ConfusedNT · 26/02/2023 22:18

Childfree
But we don't want children because they are hard work, we don't think we would be a good parent, we like our life as it is

Parents
If you don't have children you will never know true love
Childfree women are self centred
You might change your mind
Children are the future you are selfish not to have one
Who will look after you in old age

Also parents
Having a child is so hard
you don't understand what tiredness is
You don't understand how much hard work it is
Raising a child is far harder than anything you would do

thread shocker childfree people actually knew what they were talking about all along.

Norwen · 26/02/2023 22:18

I think it is better to respond to what someone has actually said, rather than make assumptions about their intentions or "hidden arguments" and react to those. Otherwise you are having an argument with a straw man, a phantom constructed from your previous negative experiences. This thread originated with someone exploring the reasons why some groups of people identifying as child free online seem to be interested in criticising parents and parenthood. I think that an observation about someone making a neutral and true comment about parenting children being hard, and it immediately being taken as an attack with aggressive responses from several people to be really relevant to that theme. I don't think that it's unique to the parents vs child free struggle(!) it just seems to be something people do, put themselves in camps. It crushes authentic conversation.

BadNomad · 26/02/2023 22:21

Is this just another variation of that dumb "you don't know tiredness" statement?

Yes, having children is harder than not having them. But that doesn't mean not having children means life is easy.

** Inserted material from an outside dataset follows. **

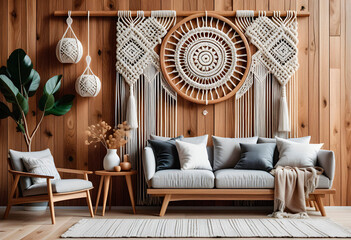 Living room interior in boho eco style with decorative elements and wonderful view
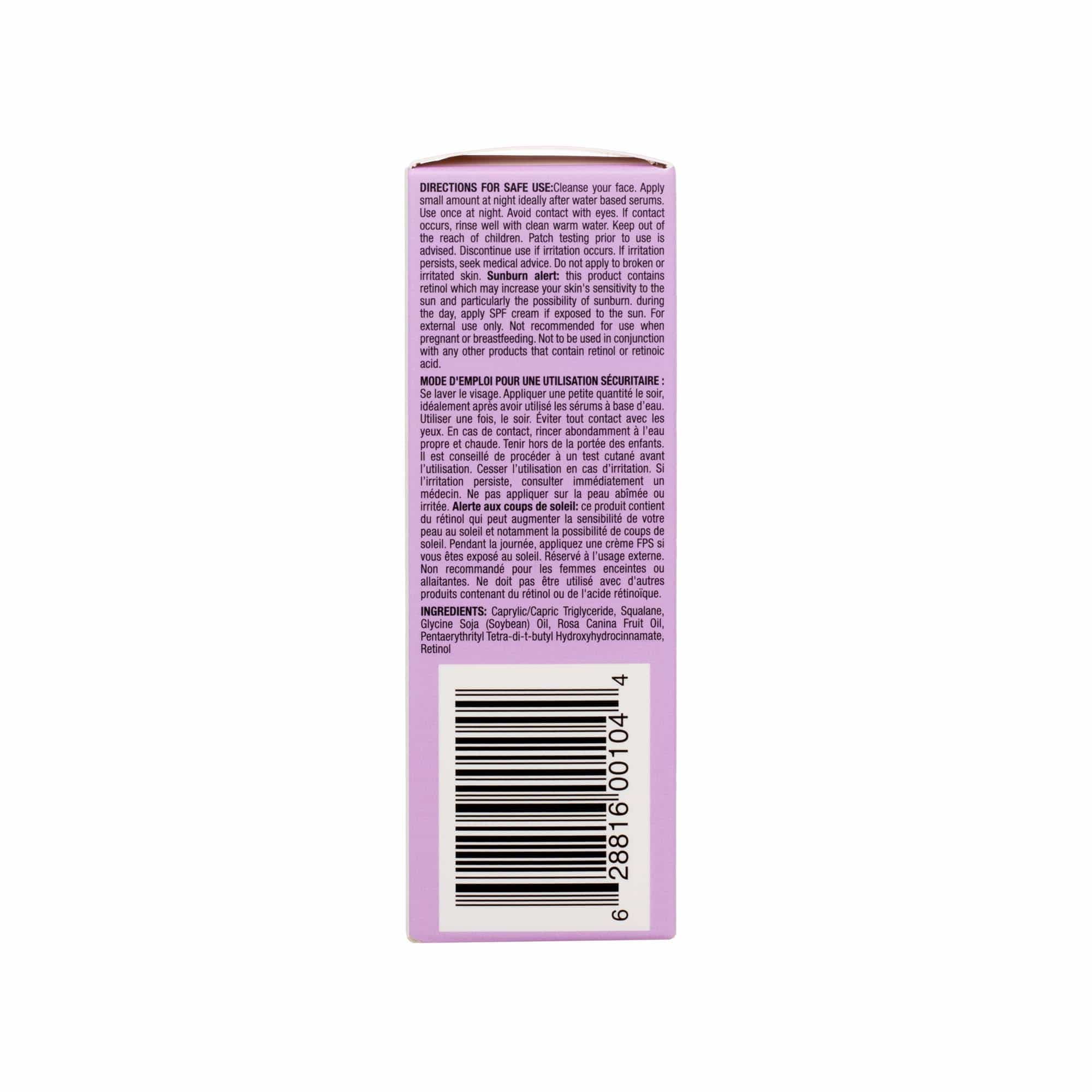 Back of My iN.gredients Retinol in Squalane Solution box showing directions, ingredients, and barcode for skincare product.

That wasn't even the original argument. It was about effort. As in, it takes more effort to prevent pregnancy than to let it happen (fertility issues aside). Which is true. Therefore, not getting pregnant takes more effort than getting pregnant.

ConfusedNT · 26/02/2023 22:22

waltzingmattie · 26/02/2023 22:04

😂 you literally aren't able to empathise with some telling you what life is like with children.

It's "well what did you expect? Crack on and stop whinging will you. I understand me please and how difficult my life is having to defend my childfree status - it's so much tougher than actually having children you know"

🙄

Given this thread started because someone wanted to understand why childfree people had a thread agreeing they were happy they didn't have children because it's hard work etc, it's ironic that you even feel the need to come in and explain how hard having children is to the childfree people

Like they already know, that's why they (some of them) chose not to have children

If you want to explain why having children is so much hard work maybe go explain it to teenage girls who think condoms are optional. Not patronise the very women who blatantly already know this

It's like lecturing Stephen Hawking on why physics is interesting

Norwen · 26/02/2023 22:22

@fitzwilliamdarcy thank you, I genuinely really appreciate that. I half don't know why I just posted, I was just really taken by those last few responses, I haven't followed the entire conversation. I have no doubt that terribly unreasonable things have been said here by parents and that must be very tiresome. Obviously parents are not saints either. And also regularly participate in strawman arguments about non parents. Is it controversial to say that broadly speaking, parents and non parents are kind of mostly the same? Certainly in terms of saintliness. Have a good night.

fitzwilliamdarcy · 26/02/2023 22:24

Cheers, @Norwen - and you’re right, far better to assume good faith than project, which I absolutely was guilty of doing. Apologies again.